YEREVAN — Greek Foreign Minister Nikos Dendias condemned Azerbaijan’s recent military aggression at the border with Armenia and also blamed Turkey for the dramatic escalation of the Armenian-Azerbaijani conflict as he visited Yerevan on Tuesday.

“We Greece have repeatedly underlined that we support the sovereignty and territorial integrity of all states,” Dendias said after talks with his Armenian counterpart Ararat Mirzoyan. “That goes also for our dear friends, the Armenians, Armenia.”

“We believe in the inviolability of borders, and I am referring to the incidents that happened just a few days ago following the shelling of Armenian territory, including inhabited areas, by the Azeri military forces,” he told a joint news briefing. “And I would like to quote [French] President Macron who said yesterday: ‘I strongly condemn what happened in recent days and call for peace and resumption of negotiations.’ So I am here to express our solidarity with the Armenian government and the Armenian people.”
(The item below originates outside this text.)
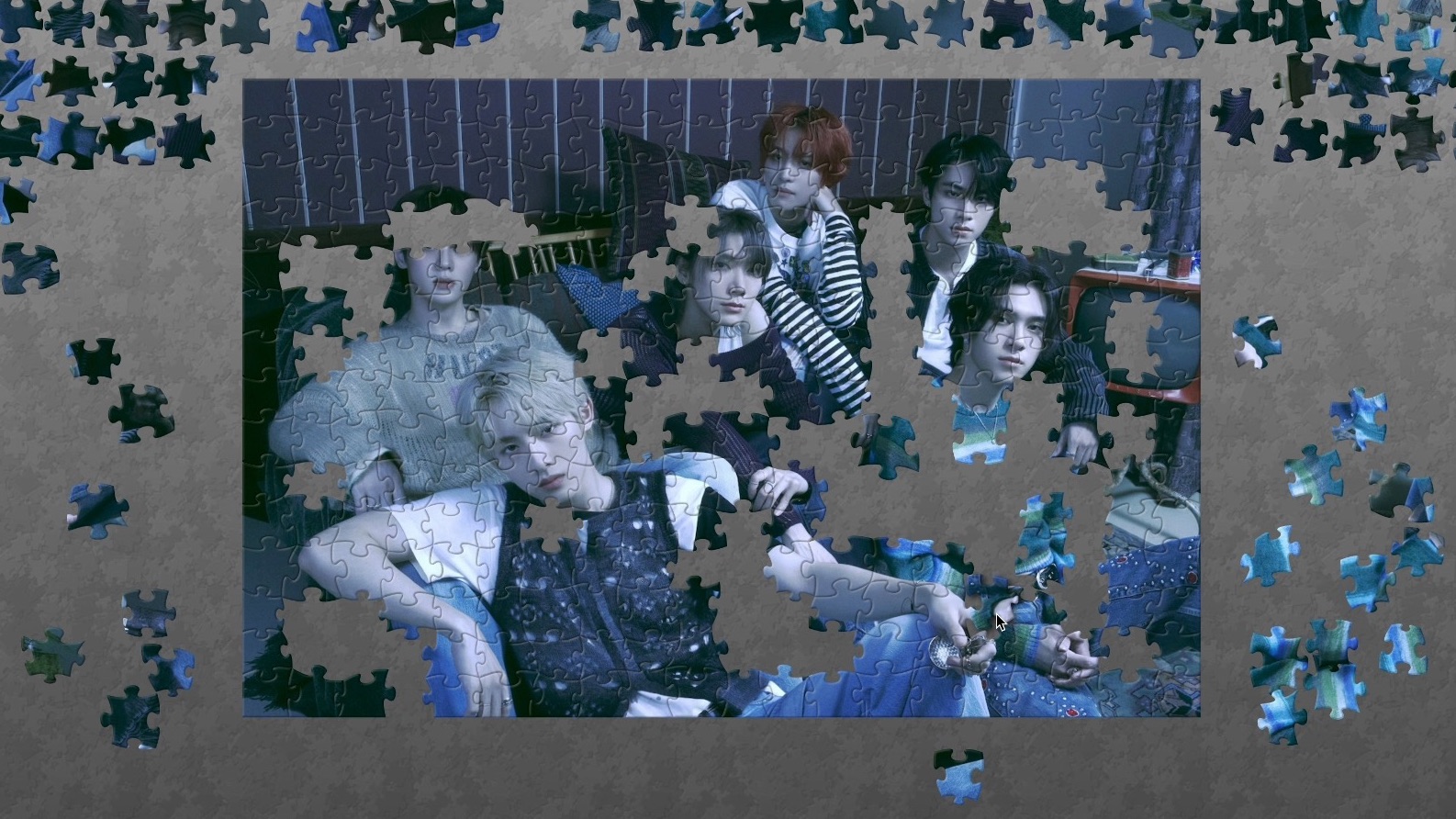 【威神v|inside】关于进度过了80%还没找到钱锟的眼睛这件事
Dendias went on to denounce attempts to “redraw maps,” pointing the finger at not only Azerbaijan but also its key ally, Turkey.

“Turkey is trying to take advantage of the recent turmoil in order to undermine peace and stability, be it in the Caucasus or the Aegean,” he charged, pointing to Ankara’s “threat of war against Greece” voiced in an intensifying dispute over Greek islands in the Aegean Sea.

Mirzoyan thanked Athens for its position on the border clashes of September 13-14 which Yerevan regards as Azerbaijani military aggression.

Predictably, Ankara has voiced full support for Baku after what was the worst fighting in the conflict zone since the 2020 war in Nagorno-Karabakh.

Dendias flew to Yerevan just over a week after he, Mirzoyan and Foreign Minister Ioannis Kasoulides of Cyprus held a trilateral meeting in New York on the sidelines of an annual session of the UN General Assembly. The three nations share historically strained relations with Turkey.

“We are looking forward to enhancing our trilateral partnership with Cyprus to a new level,” said Dendias, who held separate meetings with Prime Minister Nikol Pashinian and Defense Minister Suren Papikian later on Tuesday.

The Greek minister’s trip coincided with the second anniversary of the outbreak of the 2020 Armenian-Azerbaijani war. He had previously visited Armenia during the six-week hostilities.